# Student Blog: Testing Bipartiteness with Monad Transformers

Posted on *July 26, 2019* by *Vasily Alferov* (permalink)

I am a student at Summer of Haskell this year and this is my second post on this platform. In my previous post I gave a brief explanation of my task. Now that I finished the “routine” part of adding the necessary data types and manipulation functions, I’m here to tell you about my implementation of the algorithm for testing bipartiteness of graphs.

A graph is called bipartite if its vertices can be split into two parts in such way that there are no edges inside one part. While testing graph on tripartiteness is NP-hard, there is a linear algorithm that tests graph on bipartiteness and restores the partition.

## Vertex On Your Side

The algorithm is usually one of the first graph algorithms given in any university course. The idea is rather straightforward: we try to assign vertices to the left or right part in some way, and when we get a conflict, we claim that the graph is not bipartite.

First, we assign some vertex to the left part. Then, we can confidently say that all neighbours of this vertex should be assigned to the right part. Then, all neighbours of this vertex should be assigned to the left part, and so on. We continue this until all the vertices in the connected component are assigned to some part, then we repeat the same action on the next connected component, and so on.

If there is an edge between vertices in the same part, one can easily find an odd cycle in the graph, hence the graph is not bipartite. Otherwise, we have the partition, hence the graph is bipartite.

There are two common ways of implementing this algorithm in linear time: using Depth-First Search or Breadth-First Search. We usually select DFS for this algorithm in imperative languages. The reason is that DFS implementation is a little bit simpler. I selected DFS, too, as a traditional way.

So, now we came to the following scheme. We go through the vertices in DFS order and assign them to parts, flipping the part when going through an edge. If we try to assign some vertex to some part and see that it is already assigned to another part, then we claim that the graph is not bipartite. When all vertices are assigned to parts and we’ve looked through all edges, we have the partition.

## The Purity Turned Upside Down

In Haskell, all computations are supposed to be *pure*. Still, if it was
*really* so, we wouldn’t be able to print anything to the console. And what I
find most funny about pure computations is that they are so lazy that there is
no pure reason to compute anything.

Monads are the Haskell way to express computations with *effects*. I’m not
going to give a complete explanation of how they work here, but I find
this one very nice and
clear.

What I **do** want to notice there is that while some monads, like `IO`

, are
implemented through some deep magic, others have simple and pure
implementations. So the entire computation in these monads is pure.

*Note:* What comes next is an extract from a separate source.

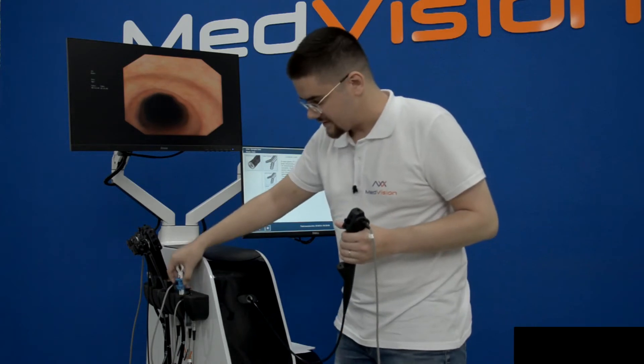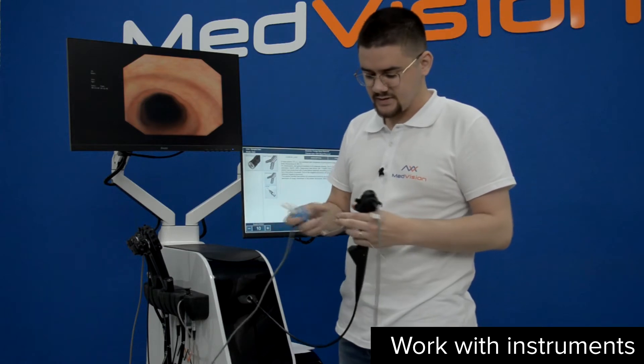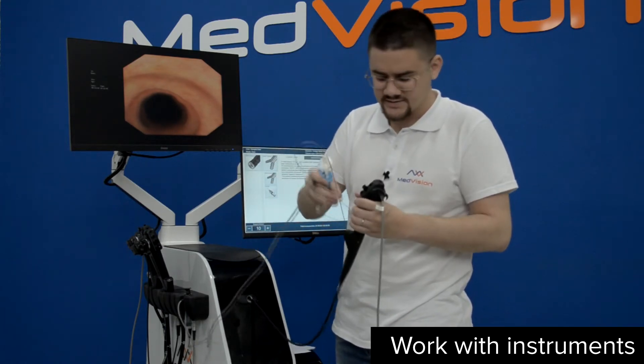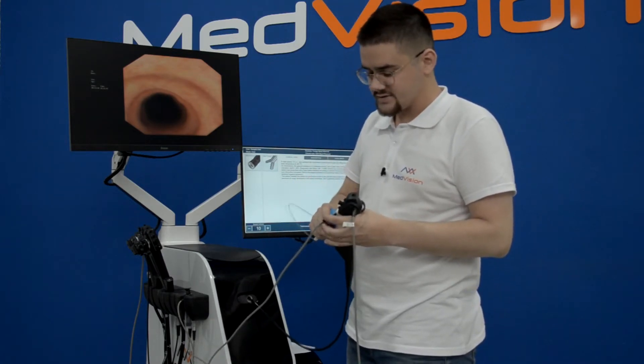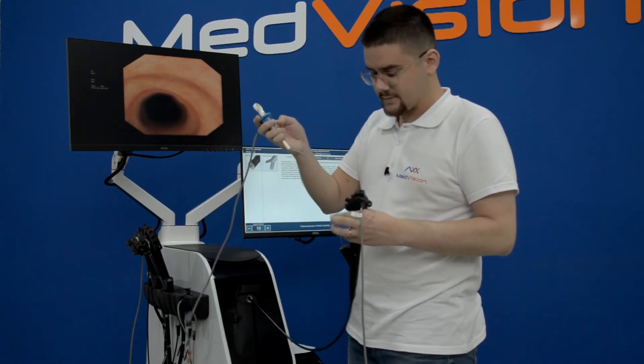The universal instrument imitator has a flexible metal part, and you introduce it at the base of the instrument — in this case the bronchoscope. You introduce it until you see it on screen, which might take almost the full length of that part.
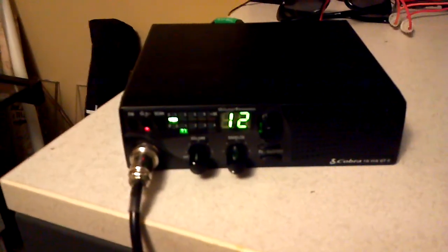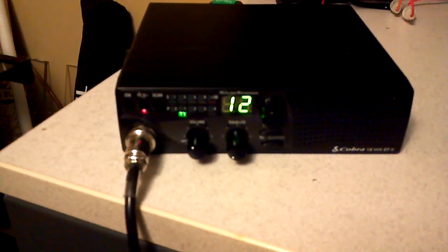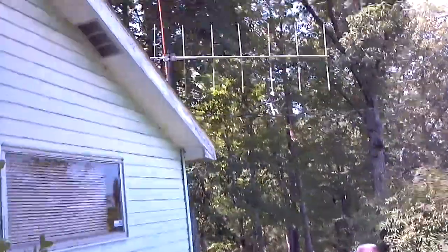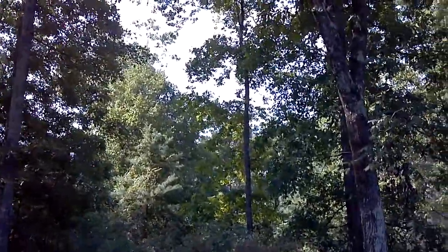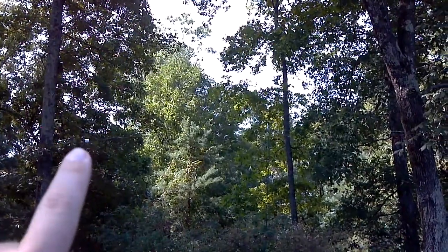Got a homemade dipole antenna outside. We can walk out and see what we can see — it's kind of hard to see. That's my 11-element, 2-meter Yagi. I don't know if you can see it, but right there is one insulator connector in the middle.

There are many monads that express all kinds of effects. It is a very beautiful and powerful theory: they all implement the same interface. We will talk about the three following monads:

`Either e a`

— a computation that returns value of type`a`

or throws an error of type`e`

. The behaviour is very much like exceptions in imperative languages and the errors may be caught. The main difference is that this monad is fully logically implemented in the standard library, while in imperative languages it is usually implemented by the operating system or virtual machine.`State s a`

— a computation that returns value of type`a`

and has an access to a modifiable state of type`s`

.`Maybe a`

. A`Monad`

instance for`Maybe`

expresses a computation that can be at any moment interrupted with returning`Nothing`

. But we will mostly speak of`MonadPlus`

instance, which expresses a vice versa effect: this is a computation which can be at any moment interrupted with returning a concrete value.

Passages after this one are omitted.